Like Naira, Like Cardi: What is Good for the Goose is Good for the Gander
During the third quarter of 2020, if you switch on your TV on a random afternoon, on a random day, to a random Music TV station the chances that Cardi B’s “WAP” would be playing was quite high. If you tuned into any local radio station during September of 2020, you would have likely heard Cardi B & Megan Thee Stallion’s “WAP” – albeit in a censored radio edit format.
For those who don’t know, “WAP” stands for (Wet Ass Pussy) and it was a single that contained an incredible amount of vulgarity. If you’ve watched “WAP’s” video on TV, you must have noticed that the lyrics were punched so interminably that it might leave you wondering why TV stations were so dedicated to playing a song which two-third of the lyrics wasn’t suitable for TV. Despite its flamingly sexual message and highly provocative visuals, “WAP” was a regular on TV and radio stations. In fact, it peaked at No. 12 on TurnTable Top Airplay Chart (radio chart) and No. 5 on TurnTable TV Chart.
Fast forward to March 2021, Nigeria rapper and hitmaker Naira Marley linked up with South African artiste Busiswa and the result is a single titled “Coming.” If you’ve heard the single, I guess you don’t need anyone to tell you that “coming” is a homophone for you know what.
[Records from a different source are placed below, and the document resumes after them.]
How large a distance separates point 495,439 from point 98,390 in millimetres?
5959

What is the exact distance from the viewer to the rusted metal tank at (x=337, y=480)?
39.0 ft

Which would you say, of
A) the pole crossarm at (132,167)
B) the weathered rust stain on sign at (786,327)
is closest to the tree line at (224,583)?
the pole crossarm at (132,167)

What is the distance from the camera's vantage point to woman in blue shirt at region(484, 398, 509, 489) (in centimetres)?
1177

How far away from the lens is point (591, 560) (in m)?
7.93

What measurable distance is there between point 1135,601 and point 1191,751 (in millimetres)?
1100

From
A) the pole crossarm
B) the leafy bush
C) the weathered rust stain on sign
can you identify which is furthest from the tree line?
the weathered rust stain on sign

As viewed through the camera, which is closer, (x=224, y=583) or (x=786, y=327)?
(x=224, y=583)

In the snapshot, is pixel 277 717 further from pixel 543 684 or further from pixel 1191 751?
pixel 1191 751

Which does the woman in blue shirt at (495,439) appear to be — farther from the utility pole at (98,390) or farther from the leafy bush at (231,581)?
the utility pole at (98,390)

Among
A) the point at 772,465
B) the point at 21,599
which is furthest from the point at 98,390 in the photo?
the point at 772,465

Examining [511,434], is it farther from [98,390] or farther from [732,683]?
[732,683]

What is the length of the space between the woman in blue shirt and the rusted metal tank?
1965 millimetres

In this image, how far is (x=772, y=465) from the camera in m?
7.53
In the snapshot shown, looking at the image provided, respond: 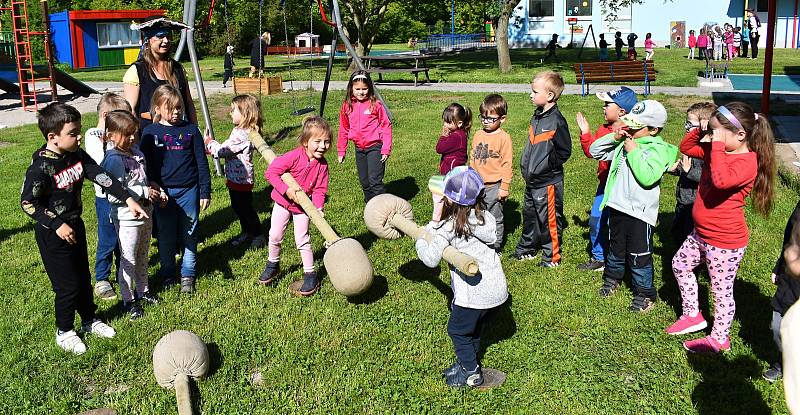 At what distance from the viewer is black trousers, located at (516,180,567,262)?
6.45 meters

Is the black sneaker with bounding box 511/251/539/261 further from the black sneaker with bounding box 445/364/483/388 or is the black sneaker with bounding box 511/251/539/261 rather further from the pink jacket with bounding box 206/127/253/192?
the pink jacket with bounding box 206/127/253/192

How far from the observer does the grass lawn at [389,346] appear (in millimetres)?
4359

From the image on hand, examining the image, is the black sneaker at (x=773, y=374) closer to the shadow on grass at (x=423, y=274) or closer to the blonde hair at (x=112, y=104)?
the shadow on grass at (x=423, y=274)

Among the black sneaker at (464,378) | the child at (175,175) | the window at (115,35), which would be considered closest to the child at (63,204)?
the child at (175,175)

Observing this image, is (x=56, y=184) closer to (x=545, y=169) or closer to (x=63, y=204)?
(x=63, y=204)

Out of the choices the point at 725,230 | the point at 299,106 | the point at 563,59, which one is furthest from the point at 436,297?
the point at 563,59

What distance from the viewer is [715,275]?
4.71 meters

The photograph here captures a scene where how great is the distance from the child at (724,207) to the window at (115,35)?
136ft

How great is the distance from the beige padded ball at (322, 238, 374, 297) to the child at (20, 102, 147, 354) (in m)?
1.49

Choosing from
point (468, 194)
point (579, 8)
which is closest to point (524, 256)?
point (468, 194)

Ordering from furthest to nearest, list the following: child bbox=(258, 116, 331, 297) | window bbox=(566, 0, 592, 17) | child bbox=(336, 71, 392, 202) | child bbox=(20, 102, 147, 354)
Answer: window bbox=(566, 0, 592, 17)
child bbox=(336, 71, 392, 202)
child bbox=(258, 116, 331, 297)
child bbox=(20, 102, 147, 354)

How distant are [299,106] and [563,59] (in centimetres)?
2139

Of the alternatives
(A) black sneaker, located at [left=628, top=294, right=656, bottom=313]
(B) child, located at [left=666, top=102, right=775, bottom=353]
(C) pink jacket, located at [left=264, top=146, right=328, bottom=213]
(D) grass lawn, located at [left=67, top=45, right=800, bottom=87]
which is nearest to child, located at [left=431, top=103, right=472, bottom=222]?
(C) pink jacket, located at [left=264, top=146, right=328, bottom=213]

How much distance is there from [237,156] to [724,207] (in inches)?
182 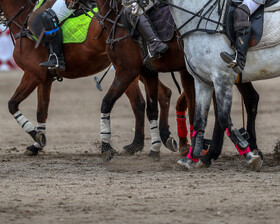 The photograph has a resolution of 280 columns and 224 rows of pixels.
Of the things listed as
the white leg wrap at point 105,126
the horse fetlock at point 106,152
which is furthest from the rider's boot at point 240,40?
the horse fetlock at point 106,152

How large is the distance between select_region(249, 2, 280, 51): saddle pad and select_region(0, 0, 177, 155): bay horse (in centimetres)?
267

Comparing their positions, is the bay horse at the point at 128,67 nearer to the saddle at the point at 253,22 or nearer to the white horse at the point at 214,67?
the white horse at the point at 214,67

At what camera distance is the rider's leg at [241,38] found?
7305mm

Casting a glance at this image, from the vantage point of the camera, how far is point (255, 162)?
305 inches

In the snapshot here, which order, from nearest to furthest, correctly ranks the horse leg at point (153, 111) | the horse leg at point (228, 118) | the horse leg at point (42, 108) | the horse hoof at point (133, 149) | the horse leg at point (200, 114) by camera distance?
1. the horse leg at point (228, 118)
2. the horse leg at point (200, 114)
3. the horse leg at point (153, 111)
4. the horse hoof at point (133, 149)
5. the horse leg at point (42, 108)

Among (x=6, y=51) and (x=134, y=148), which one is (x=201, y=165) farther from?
(x=6, y=51)

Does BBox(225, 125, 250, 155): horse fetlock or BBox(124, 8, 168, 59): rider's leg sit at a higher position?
BBox(124, 8, 168, 59): rider's leg

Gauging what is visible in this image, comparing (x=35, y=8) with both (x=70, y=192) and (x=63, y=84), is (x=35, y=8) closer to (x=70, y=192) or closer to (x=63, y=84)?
(x=70, y=192)

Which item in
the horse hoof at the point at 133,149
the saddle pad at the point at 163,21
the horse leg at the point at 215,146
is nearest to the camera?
the saddle pad at the point at 163,21

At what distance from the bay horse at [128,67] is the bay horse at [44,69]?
718 mm

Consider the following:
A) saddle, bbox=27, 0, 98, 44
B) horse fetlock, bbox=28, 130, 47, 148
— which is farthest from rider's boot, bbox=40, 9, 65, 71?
horse fetlock, bbox=28, 130, 47, 148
While Cardi’s “WAP” might be described as an inquest into the mind and body of an excessively aroused woman. Naira’s “Coming” is a poetic analysis of the intricacies of sexual gratification which was captured by the incessant repetition of the phrase “I’m Coming.”
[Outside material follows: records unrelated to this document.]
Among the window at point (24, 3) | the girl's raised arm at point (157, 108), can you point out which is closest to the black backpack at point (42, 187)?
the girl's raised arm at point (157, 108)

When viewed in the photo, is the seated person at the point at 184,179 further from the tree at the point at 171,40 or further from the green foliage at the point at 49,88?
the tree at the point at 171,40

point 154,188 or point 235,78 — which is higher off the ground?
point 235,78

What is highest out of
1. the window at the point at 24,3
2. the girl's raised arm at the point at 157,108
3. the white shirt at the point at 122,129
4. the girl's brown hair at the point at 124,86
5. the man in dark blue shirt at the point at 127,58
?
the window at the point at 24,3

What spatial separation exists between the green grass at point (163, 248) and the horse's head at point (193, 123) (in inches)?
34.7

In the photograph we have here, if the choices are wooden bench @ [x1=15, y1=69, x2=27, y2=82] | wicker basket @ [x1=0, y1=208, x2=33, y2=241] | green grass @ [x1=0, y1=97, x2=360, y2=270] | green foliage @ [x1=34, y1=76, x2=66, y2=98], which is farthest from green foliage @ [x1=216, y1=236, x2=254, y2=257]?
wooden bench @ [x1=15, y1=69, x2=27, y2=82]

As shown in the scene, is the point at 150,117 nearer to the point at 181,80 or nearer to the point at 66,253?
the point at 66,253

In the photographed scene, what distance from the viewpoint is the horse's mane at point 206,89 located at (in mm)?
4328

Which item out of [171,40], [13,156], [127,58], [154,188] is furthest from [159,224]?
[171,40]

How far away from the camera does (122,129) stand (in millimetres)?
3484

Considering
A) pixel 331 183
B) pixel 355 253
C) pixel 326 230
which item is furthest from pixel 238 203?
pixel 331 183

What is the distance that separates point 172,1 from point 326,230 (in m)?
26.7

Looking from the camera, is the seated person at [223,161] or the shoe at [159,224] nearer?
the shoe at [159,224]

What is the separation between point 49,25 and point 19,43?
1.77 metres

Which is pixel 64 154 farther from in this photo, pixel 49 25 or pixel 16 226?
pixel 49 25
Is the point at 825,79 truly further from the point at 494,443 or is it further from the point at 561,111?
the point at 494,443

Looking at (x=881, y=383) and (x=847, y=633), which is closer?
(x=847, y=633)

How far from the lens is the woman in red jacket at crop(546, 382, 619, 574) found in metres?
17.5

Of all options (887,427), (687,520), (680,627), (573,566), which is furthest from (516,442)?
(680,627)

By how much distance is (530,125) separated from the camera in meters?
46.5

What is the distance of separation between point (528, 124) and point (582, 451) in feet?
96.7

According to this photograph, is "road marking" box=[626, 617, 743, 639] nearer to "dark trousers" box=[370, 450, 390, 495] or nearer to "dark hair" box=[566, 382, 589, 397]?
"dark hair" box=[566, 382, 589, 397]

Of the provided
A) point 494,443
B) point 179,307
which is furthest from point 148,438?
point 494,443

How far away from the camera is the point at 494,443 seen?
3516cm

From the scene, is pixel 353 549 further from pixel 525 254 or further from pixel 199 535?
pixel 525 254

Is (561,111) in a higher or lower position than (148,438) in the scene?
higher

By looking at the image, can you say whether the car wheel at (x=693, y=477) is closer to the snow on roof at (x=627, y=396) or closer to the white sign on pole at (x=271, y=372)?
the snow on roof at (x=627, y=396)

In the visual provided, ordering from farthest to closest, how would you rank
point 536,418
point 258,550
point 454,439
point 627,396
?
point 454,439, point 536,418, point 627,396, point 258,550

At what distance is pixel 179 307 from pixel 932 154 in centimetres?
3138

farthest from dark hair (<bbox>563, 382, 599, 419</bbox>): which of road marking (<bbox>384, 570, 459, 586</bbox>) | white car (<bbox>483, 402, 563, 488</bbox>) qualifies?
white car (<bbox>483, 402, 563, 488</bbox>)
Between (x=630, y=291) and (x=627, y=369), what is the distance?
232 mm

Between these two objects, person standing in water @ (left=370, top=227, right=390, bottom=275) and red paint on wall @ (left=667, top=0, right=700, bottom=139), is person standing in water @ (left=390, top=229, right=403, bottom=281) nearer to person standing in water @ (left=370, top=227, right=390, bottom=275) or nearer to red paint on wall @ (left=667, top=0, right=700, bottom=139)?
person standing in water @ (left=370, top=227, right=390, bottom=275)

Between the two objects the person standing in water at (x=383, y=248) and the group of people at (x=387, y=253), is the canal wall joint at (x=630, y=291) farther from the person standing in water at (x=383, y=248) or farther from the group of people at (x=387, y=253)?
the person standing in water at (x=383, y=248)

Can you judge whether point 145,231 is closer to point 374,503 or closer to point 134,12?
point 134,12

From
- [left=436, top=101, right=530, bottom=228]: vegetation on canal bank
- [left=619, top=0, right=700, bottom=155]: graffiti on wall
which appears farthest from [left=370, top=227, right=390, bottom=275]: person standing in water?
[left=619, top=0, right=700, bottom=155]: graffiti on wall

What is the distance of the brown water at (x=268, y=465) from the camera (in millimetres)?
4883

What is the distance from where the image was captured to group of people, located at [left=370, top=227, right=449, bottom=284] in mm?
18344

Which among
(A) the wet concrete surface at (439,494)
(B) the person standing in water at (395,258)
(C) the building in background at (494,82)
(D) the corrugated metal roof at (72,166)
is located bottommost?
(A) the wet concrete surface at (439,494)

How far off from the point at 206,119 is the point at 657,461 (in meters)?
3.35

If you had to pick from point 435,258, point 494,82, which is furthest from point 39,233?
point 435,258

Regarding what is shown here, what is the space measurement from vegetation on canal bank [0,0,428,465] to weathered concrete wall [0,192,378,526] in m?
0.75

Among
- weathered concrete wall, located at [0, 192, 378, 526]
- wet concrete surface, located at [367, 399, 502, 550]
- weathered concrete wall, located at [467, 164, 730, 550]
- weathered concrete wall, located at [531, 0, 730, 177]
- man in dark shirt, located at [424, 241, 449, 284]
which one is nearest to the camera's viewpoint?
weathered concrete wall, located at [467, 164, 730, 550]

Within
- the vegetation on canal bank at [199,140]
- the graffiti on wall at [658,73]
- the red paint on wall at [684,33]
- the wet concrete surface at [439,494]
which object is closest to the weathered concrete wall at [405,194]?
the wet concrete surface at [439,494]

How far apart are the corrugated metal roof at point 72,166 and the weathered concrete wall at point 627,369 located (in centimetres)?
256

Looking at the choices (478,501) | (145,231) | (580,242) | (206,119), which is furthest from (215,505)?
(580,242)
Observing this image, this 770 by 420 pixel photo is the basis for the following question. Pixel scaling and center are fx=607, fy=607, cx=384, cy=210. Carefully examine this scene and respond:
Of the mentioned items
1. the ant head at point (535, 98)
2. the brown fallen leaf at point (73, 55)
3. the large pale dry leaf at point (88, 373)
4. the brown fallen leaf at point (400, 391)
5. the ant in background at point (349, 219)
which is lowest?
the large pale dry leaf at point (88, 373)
By and large, both singles contained an abundance of vulgarity that paints what we can all agree is a dirty picture. In a country like Nigeria where morality is overemphasized and even weaponized, it doesn’t come as a shock that music that contains sexual undertones are frowned upon by the authorities. Or perhaps, this is only the case for Nigerian songs.
While Cardi B and Megan Thee Stallion’s “WAP” went on to receive ample radio play and a ridiculously high amount of TV play. Naira Marley’s “Coming” was fingered by the authorities as a song unfit for radio consumption. The decision of the broadcasting commission to ban Naira Marley’s “Coming” because it broke its moral code while allowing “WAP,” an equally vulgar song to run free, should raise eyebrows. “Coming’s” ban appears to be another result of the double standard that is pervasive in every aspect of this country. To ban one and leave the other is tantamount to banning the local production of amoral contents while permitting the free importation of the same. It’s for all intent and purposes, a hypocritical act.
Nigeria shouldn’t make one law for its citizens and another for citizens of first-world countries as this would lead to mischief, inequality, and a perpetuation of the despicable principles of neo-colonialism.
The banning of "Coming" on Nigerian radio has barely hurt its popularity; it is the No. 1 song on streaming chart and No. 4 on the aggregate TurnTable Top 50. Nevertheless, if Cardi’s “WAP” is good enough for Nigerian airwaves, it’s only fair that Naira Marley’s “Coming” should be allowed to enjoy the same privilege, as what is good for the goose is good for the gander.